White House spokesman John Kirby said China should reject Russia's invasion: "The whole world should be lined up against what Mr Putin is doing," Kirby told CNN.

Russian Foreign Minister Sergei Lavrov later told reporters the talks with China had been excellent.

The last time Putin and Xi met they signed a "no limits" friendship agreement between their countries. Three weeks later, Russia invaded Ukraine in what it called a "special military operation" to "disarm" its smaller neighbour. Ukraine and the West accuse Russia of an unprovoked war of aggression.

Ukraine has accused Russian forces of targeting civilians and of war crimes, which Moscow denies. The day after he made a surprise visit to the recaptured northeastern town of Izium, President Volodymyr Zelenskiy said Ukrainian authorities found a mass grave there. He said more information should be made available on Friday.

'Morally acceptable'

Pope Francis on Thursday said it was morally legitimate for nations to supply weapons to Ukraine to help the country defend itself from Russian aggression.

"This is a political decision which it can be moral, morally acceptable, if it is done under conditions of morality," Francis said in an airborne news conference while travelling from a trip to Kazakhstan.

Francis also urged the Kyiv government to be open to eventual dialogue, even though it may "smell" because it would be difficult for the Ukrainian side.

In Washington, US officials said the United States will soon announce a new $600 million weapons package for Ukraine's military.

Also on Thursday, Germany said it would supply two more multiple rocket launchers to Ukraine and European Commission President Ursula von der Leyen said Europe should support Ukraine with battle tanks as Ukrainians were proving they can defend themselves if they have the right military equipment.

Russian Foreign Ministry spokeswoman Maria Zakharova said any decision by the United States to supply Ukraine with longer-range missiles for U.S.-made HIMARS system would cross a "red line" and make the United States "a direct party to the conflict".

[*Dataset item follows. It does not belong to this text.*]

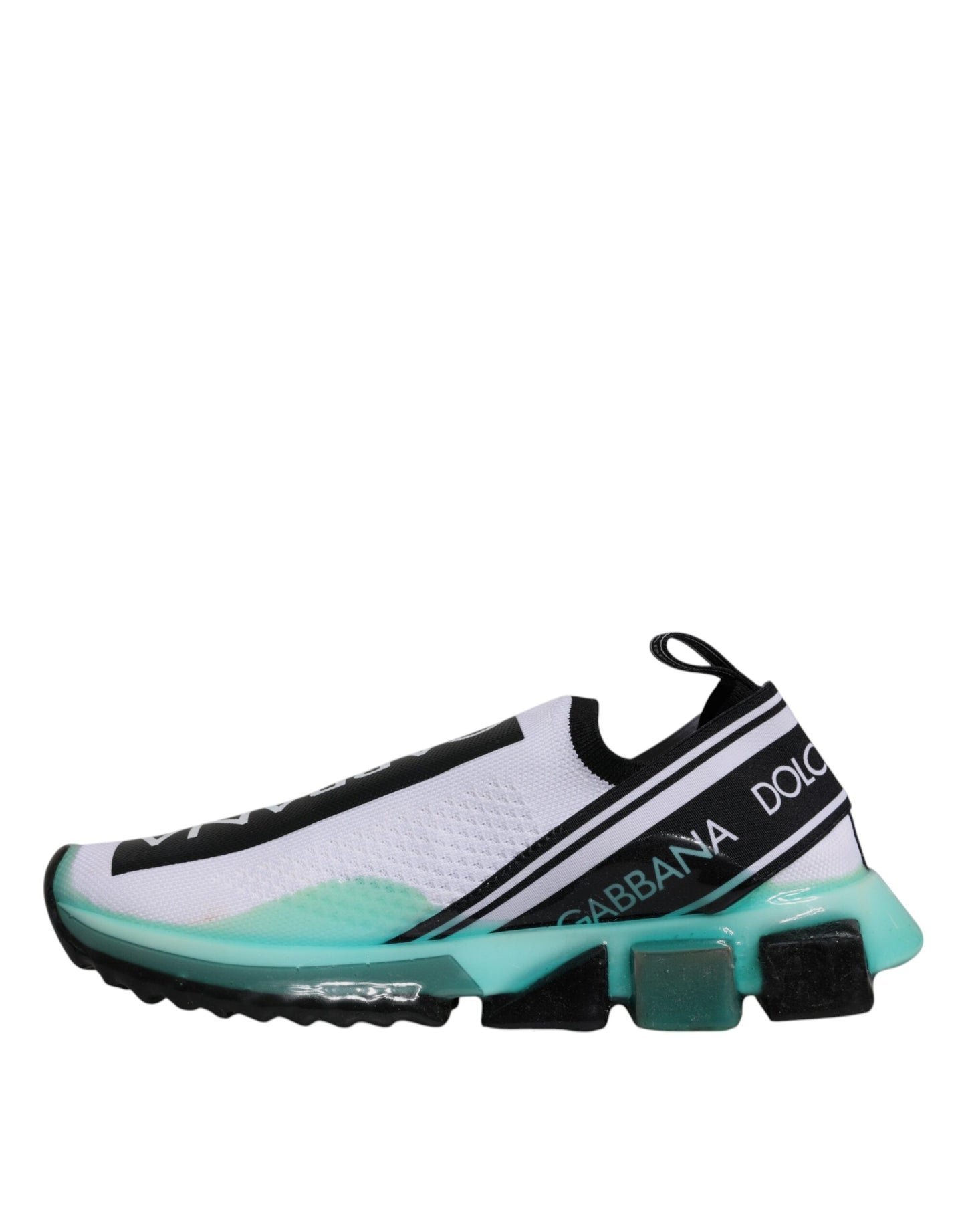 Dolce & Gabbana White Blue Sorrento Slip On Sneakers Shoes Dolce & Gabbana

In Kyiv, von der Leyen held talks with Zelenskiy where she told him Ukraine's accession process to the European Union was well on track.

"It's impressive to see the speed, the determination, the preciseness with which you are progressing," she said.

Ukraine became a candidate to join the EU in June.

Von der Leyen said "you have your European friends by your side as long as it takes."

Russians fortifying

After a week of rapid Ukrainian gains, Ukrainian officials said Russian forces were fortifying defences and it would be hard to maintain the pace of the advance.

Putin has yet to comment publicly on the setback suffered by his forces in northeastern Ukraine this month. Ukrainian officials say 9,000 sq km (3,400 sq miles) has been retaken, territory about the size of the island of Cyprus. Russian troops have abandoned dozens of tanks and other armoured vehicles in haste.

Footage shot by Reuters on Thursday in the eastern town of Kupiansk, which Ukrainian forces recaptured last week, showed many buildings had been damaged or burned out.

"No electricity, no communications … if there were communications we could at least talk to family. If only there hadn't been all this bombing with everyone in their basements," said one man.

The speed of the advance has lifted hopes of further gains before the winter sets in.

But Serhiy Gaidai, governor of Ukraine's eastern Luhansk region, said it would still be a tough fight to wrest control of his region back from Russia, which recognises it as an independent state controlled by separatists.

There was no let-up either in Russia's daily missile strikes, a day after it fired cruise missiles at a reservoir dam near Kryvyi Rih, Zelensky's hometown in central Ukraine.

Authorities in Kryvyi Rih are working to repair the damage and as a result water levels are receding, said Kyrylo Tymoshenko, deputy head of the presidential administration.

Ukrainian forces repelled three Russian attacks north of the city of Donetsk on Thursday, the armed forces' general staff said in a Facebook post.

Russian forces had launched attacks on several settlements on the Kharkiv frontline in the past 24 hours, the General Staff of Ukraine's Armed Forces said.

Reuters was not able to verify battlefield reports.